Data section:

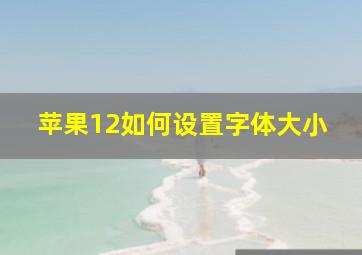 苹果12如何设置字体大小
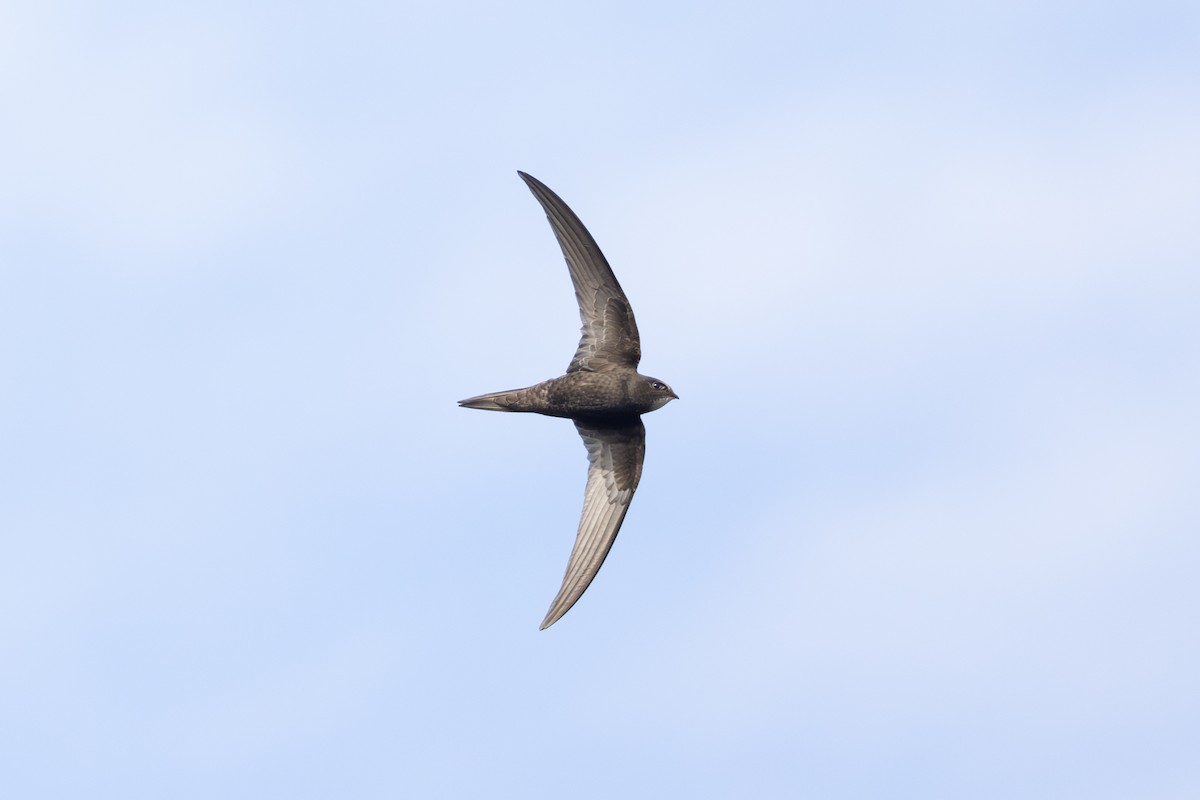 Pallid Swift - Joe Downing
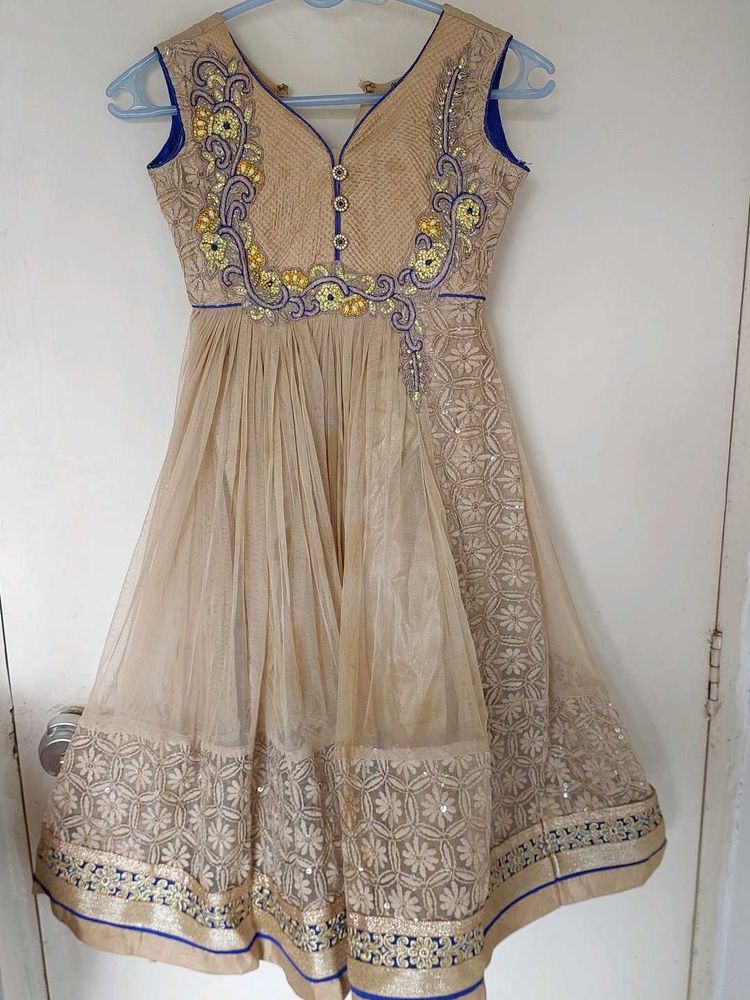 Elegant Ethnic Dress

To do:
What you return must match the data above exactly, with no images included.

Answer for the task:
 苹果12如何设置字体大小
 Pallid Swift - Joe Downing
 Elegant Ethnic Dress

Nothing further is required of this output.